*** Opening Data below ***

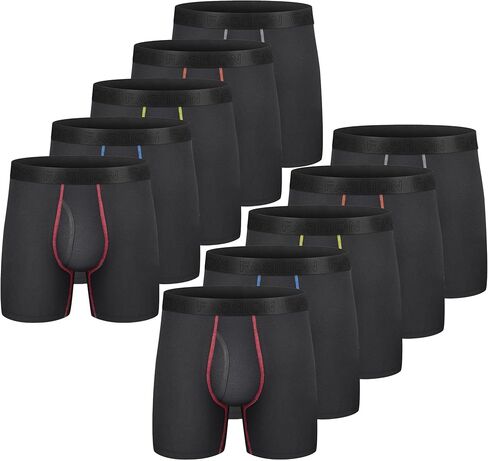 CONKEND Mens Underwear Cotton Boxer Briefs Comfy Breathable 6" Underwear Tagless Wide Waistband Boxer Briefs Multipack in Kuwait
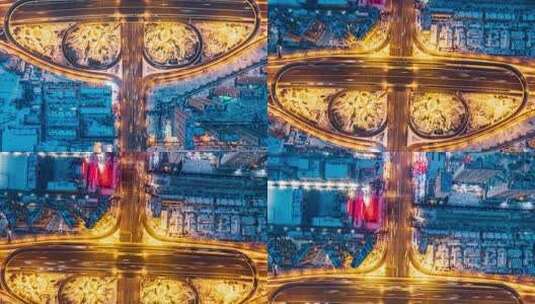 哈尔滨三环路学府立交桥俯冲夜景车流延时高清在线视频素材下载
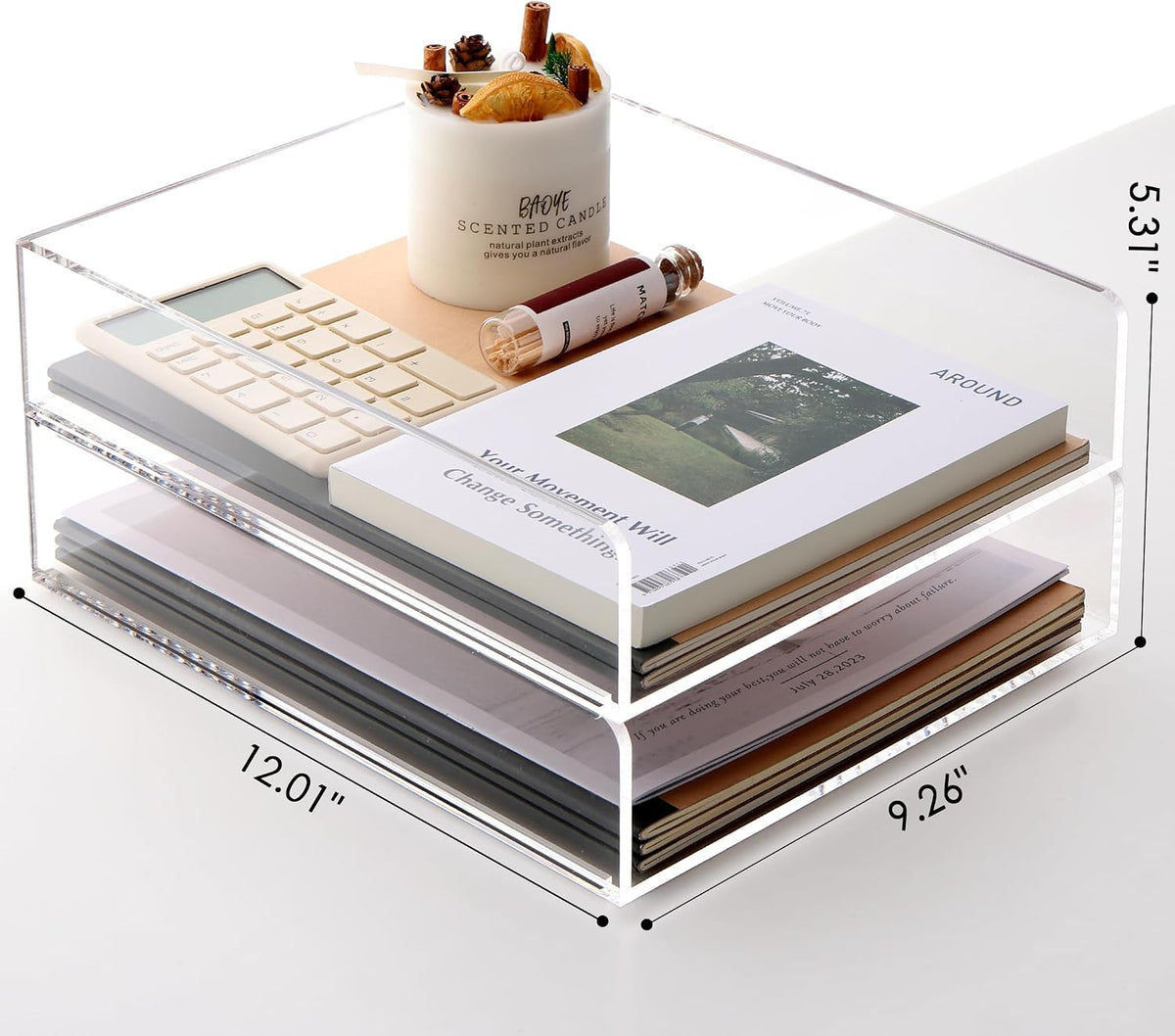 Acrylic Desk Organize with Drawer, Stackable File Organizer, 2-Tier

*** Closing Data below ***

▸ **Required work**:
Repeat the data word for word, minus any pictures.

▸ **Written response**:
 CONKEND Mens Underwear Cotton Boxer Briefs Comfy Breathable 6" Underwear Tagless Wide Waistband Boxer Briefs Multipack in Kuwait
 哈尔滨三环路学府立交桥俯冲夜景车流延时高清在线视频素材下载
 Acrylic Desk Organize with Drawer, Stackable File Organizer, 2-Tier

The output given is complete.